En su libro Las lunitas, Elena Poniatowska dedica a Caro y a las demás mujeres algunos fragmentos aludiendo que en cada puntada de bordado se escapa una oración. Caro sonríe y nos dice que las sesiones son muy divertidas porque alrededor del bastidor se platica y se cuentan chistes, dándole color a esta labor basada en el amor y la fe.

El 13 de agosto, el sacerdote baja a la Virgen de su nicho y la ofrece a las bordadoras para que, apartadas y en silencio, la limpien y cambien su vestido para dejarla lista para la fiesta. Se evitan los aceites para limpiarla, y siguiendo el consejo de un escultor utilizan jugo de tomate verde. Las mujeres realizan esta actividad teniendo el privilegio de estar dos horas con ella procurándole su devoción.

En el pasado, la cabellera de la Virgen no era muy agradable, por lo que alguien donó el cabello y con los años se hizo tradición. Por lo común, el cabello es donado por las niñas que eligen una fecha para cortárselo.

En un futuro se abrirá el museo de los vestidos, en los que se leerán retazos iconográficos de la historia mestiza de Huamantla.

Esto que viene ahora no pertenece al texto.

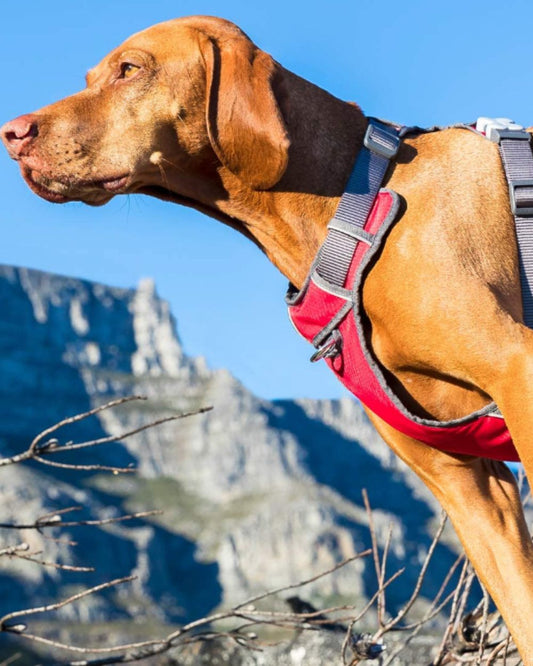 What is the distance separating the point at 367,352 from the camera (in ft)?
13.3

En la madrugada del 15 de agosto, al finalizar la misa, la salida de la Virgen a la calle es espectacular: fuegos de artificio iluminan el cielo, la valla de niñas vestidas de blanco se alinean a lo largo de los tapices; la gente se acerca cada vez más al paso del carro alegórico donde va la Virgen. Los fieles han esperado horas para admirarla, la emoción es indescriptible, la imagen parece cobrar vida, hermosamente vestida, con los brazos abiertos. La Virgen se aleja y la gente va detrás con los cirios encendidos en las manos, caminando sobre las alfombras de flores.

La noche se hace menos brillante y más silenciosa, destacando a lo lejos el resplandor de las luces y de un pueblo que hace suya la tradición de festejar.

MITOS Y LEYENDAS

Varios son los mitos y leyendas alrededor de los milagros de la Virgen. Muestra de ello son los ex votos que dan fe de la invasión norteamericana, la batalla de Porfirio Díaz contra Lerdo de Tejada, las invasiones durante la Revolución, sobre todo la del coronel Espinoza Calo, quien nunca pudo tomar Huamantla. Se cuenta que al entrar las tropas del coronel se sorprendieron al ver en las azoteas, en los balcones y en las rejas de las casas a mujeres vestidas de blanco apuntándoles con fusiles, las caballerías retrocedían, atacaban por otro lado y volvían a encontrarse con las mismas mujeres. Dicen que era tan sólo una visión, un milagro de la Virgen que protegía a su pueblo.

En otra invasión, un Jueves Santo, trataron de envenenar el agua echando cianuro a los manantiales, pero en ese momento aparecieron enormes olas que venían de la montaña arrastrando árboles y animales, forzando la retirada de los atacantes.

Se cuenta que en la madrugada del 16 de noviembre de 1876, Porfirio Díaz pidió a la Virgen que lo ayudara a combatir, prometiéndole que si ganaba la batalla, le ofrendaría una palma, una corona y una aureola de oro. Ganó la batalla, y ya como presidente llevó sus ofrendas a la Virgen.